Agilità e prestanza fisica sono le doti de s’urthu di Fonni, pelliccia di montone e faccia annerita dalla fuliggine, che si arrampica sugli alberi e sui muri delle case portando scompiglio in ogni dove con l’intento di rubare un dolcetto. Lo tengono a catena due buttudos, i padroni, che vestono un cappotto nero con una bandoliera di campanacci.
Nella festa di Orani spicca su bundu, l’uomo che si fa bue con una maschera di sughero colorata di rosso e provvista di corna.
A Ovodda il primato del Carnevale più trasgressivo, a partire dal giorno in cui si festeggia: il mercoledì delle ceneri.
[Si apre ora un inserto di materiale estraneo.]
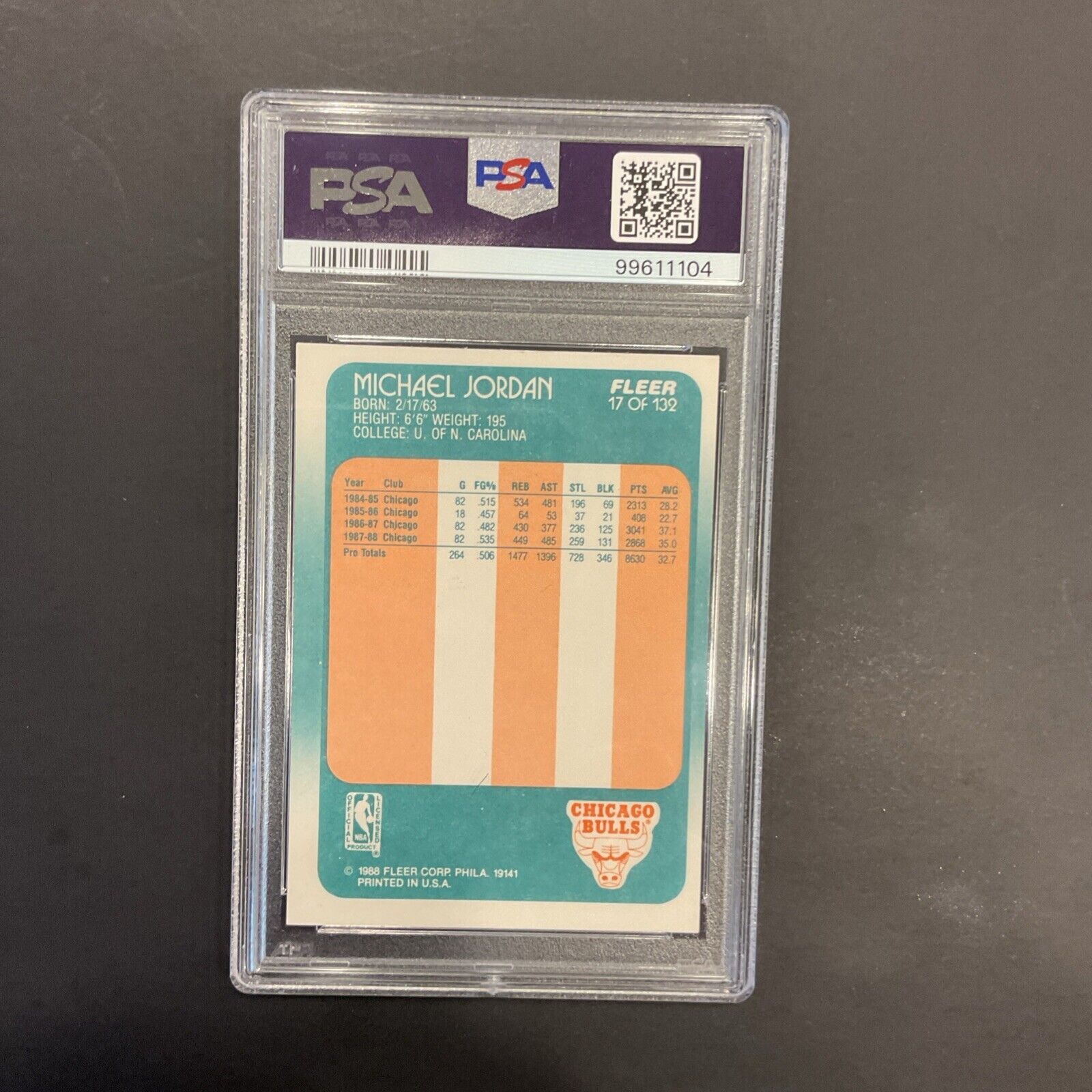 PSA 8 1988 Fleer Michael Jordan #17 NM-MT Chicago Bulls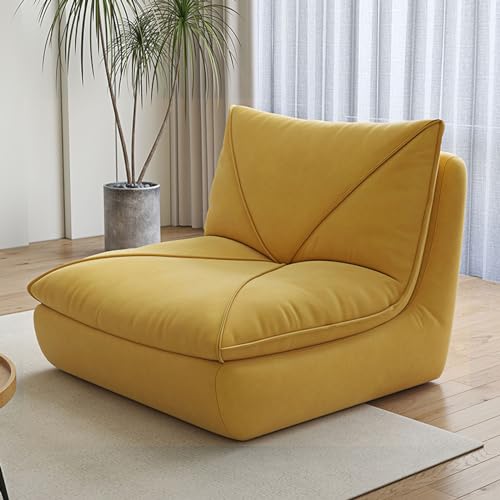 Mid Century Floor Sofa, Suede/Cat Claw Leather Floor Lounge Chair Lazy Sofa Accent Chair for Living Room Bedroom Salon Office (Color : Yellow)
Un’ onda umana con i visi tinti di nero, abbigliata con stracci variopinti, segue il fantoccio di Don Conte, insultandolo e deridendolo, tra canti, balli e grandi bevute di vino.
Per vivere l’entusiasmo di un carnevale allegorico spostatevi a Tempio Pausania (SS), dove l’imponente Re Giorgio avanza trionfale sul suo carro andando incontro alla sposa Mannena, in un’allegra pioggia di coriandoli. Ma non illudetevi, dopo sei giorni di festa, e un lungo processo, il loro destino è segnato da una certa condanna al rogo e, come spesso accade, il Carnevale finisce con un grande falò perché in fondo è un lecito momento di follia che possiamo concederci solo una volta all’anno!